▶ **Your task**:
Set down every line from the one with "holi text messy" to the end of the entries, both ends included, exactly as it reads and without pictures.
Provided records below:
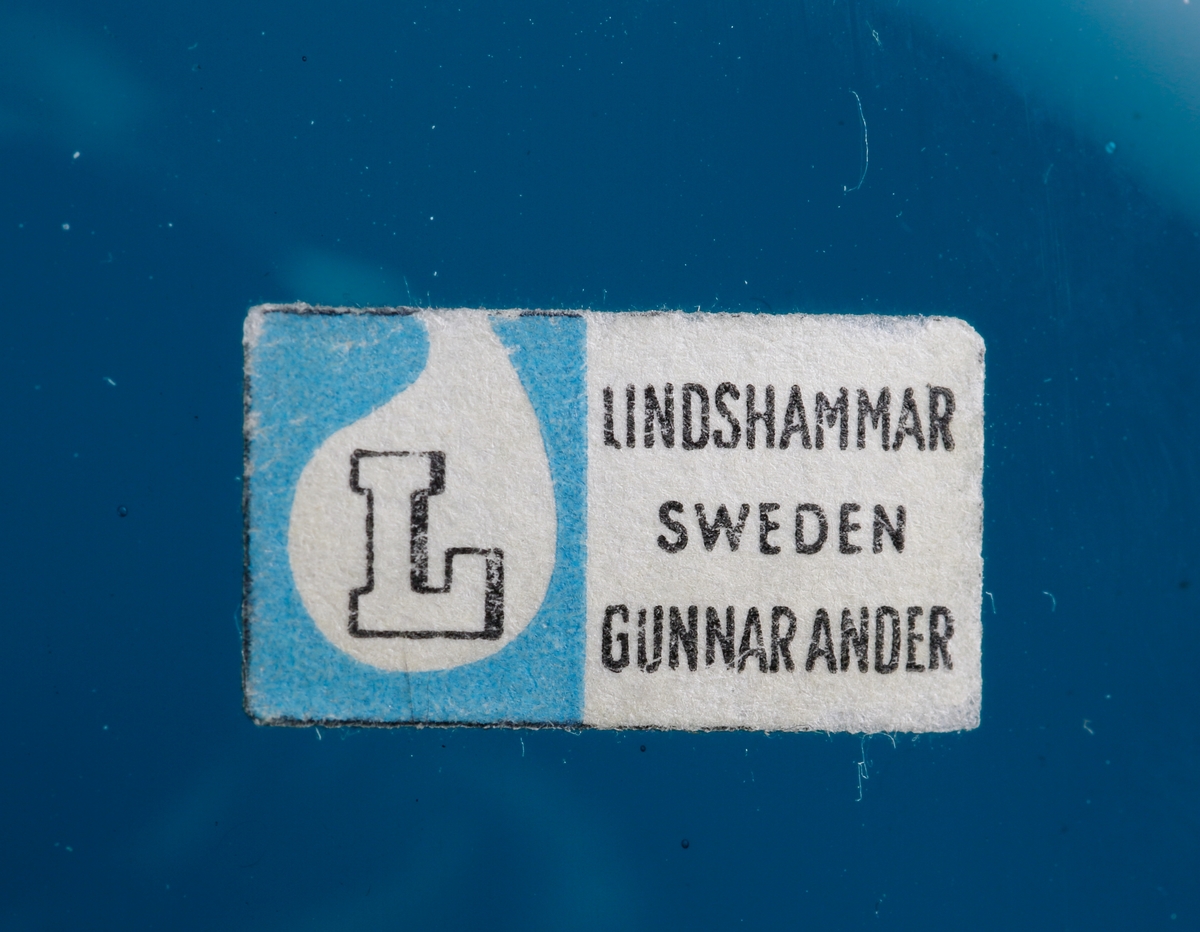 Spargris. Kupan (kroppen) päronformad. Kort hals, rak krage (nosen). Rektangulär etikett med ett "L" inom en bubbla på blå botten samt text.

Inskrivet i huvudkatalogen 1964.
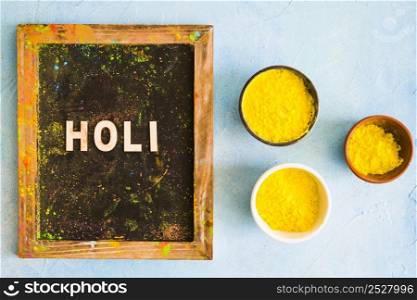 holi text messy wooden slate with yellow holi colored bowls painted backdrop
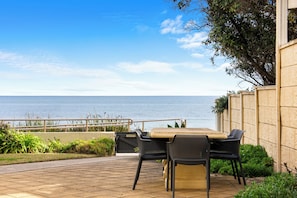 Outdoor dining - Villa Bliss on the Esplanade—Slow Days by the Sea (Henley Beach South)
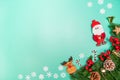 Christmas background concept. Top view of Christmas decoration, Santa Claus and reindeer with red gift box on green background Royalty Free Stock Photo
End of Provided records.
▶ **Output of the task**:
 holi text messy wooden slate with yellow holi colored bowls painted backdrop
 Outdoor dining - Villa Bliss on the Esplanade—Slow Days by the Sea (Henley Beach South)
 Christmas background concept. Top view of Christmas decoration, Santa Claus and reindeer with red gift box on green background Royalty Free Stock Photo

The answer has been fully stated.